January 02, 2010

National parks = socialism

Some final thoughts on Ken Burns's National Parks:

Socialized Nature!

By James PoniewozikGovernment intervention! Private-sector-bashing! Americans trying to impress Europeans! These and other pinko motivations would secure a permanent federal handout for Yogi Bear and his picnic-basket-redistributing comrades. You can imagine how the proposal might go down were the parks starting from scratch today. Socialized nature, controlled by tree czars?

The national parks—and The National Parks—are based on ideas that are classically, if not radically, communitarian: That the free market doesn't always act in the public interest. That it's good that every American shares ownership of and responsibility for the most exclusive properties in the country. And that it is right for people—through government—to protect them from business interests and even from the people themselves (like the early visitors who shot game and scratched their names on ancient rocks). A series on a public-TV network that calls a government program America's best idea? Has no one alerted Rush Limbaugh?
Is Ken Burns a secret propagandist for socialism?

By Patrick GoldsteinNoting that the original impetus for establishing national parks came from naturalists like John Muir who were horrified to see how Niagara Falls was nearly destroyed by the greed and hucksterism of free market-loving charlatans, Poniewozik writes: "With America frothing over the role of government--Should it save banks? Should it expand health coverage?--'The National Parks' makes a simple case for an idea that is wildly controversial in the year of the tea party: That we need government to do things the private sector can't or won't."

In other words, the entire origin of the national park system, whose most passionate backer was a Republican, Teddy Roosevelt, is based on a firm belief in--Glenn Beck, cover your ears, please--government intervention to regulate an out-of-control free-enterprise system. In fact, one of the more dramatic moments in Burns' documentary involves the battle to create a park in the Great Smoky Mountains, while logging companies bankrolled anti-park ads and were "frantically cutting the old-growth forests to extract everything they could before the land was closed to them."
Comment:  It's obvious why conservatives aren't protesting our "socialist" national park system. Because Obama hasn't made it an issue. They can't blame Obama for nationalizing the trees or appointing a parks czar, so there's no mileage in it.

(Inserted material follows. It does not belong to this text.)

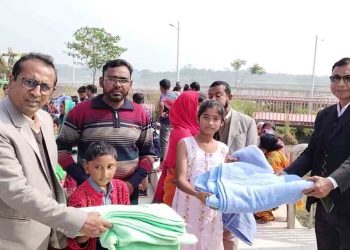 টুঙ্গিপাড়ায় মন্দির ভিত্তিক ৫৫০ জন শিক্ষার্থীদের মাঝে শীতবস্ত্র বিতরণ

As we've seen, the teabaggers don't care about "socialism" in our highways, our libraries, or our police forces. They don't care about "socialism," period. All they care about is getting the scary black man out of the White House.

For more on the subject, see Buchanan Sums Up Teabaggers.

1 comment:

  1. As for socialism (rulers controlling things), the national parks represent but a tiny part of the total land in the US. Also, as the documentary shows, a lot of the land ended up in the system due to the free market (Rockefeller's voluntary donations). It's hardly a socialist "threat" worth mentioning.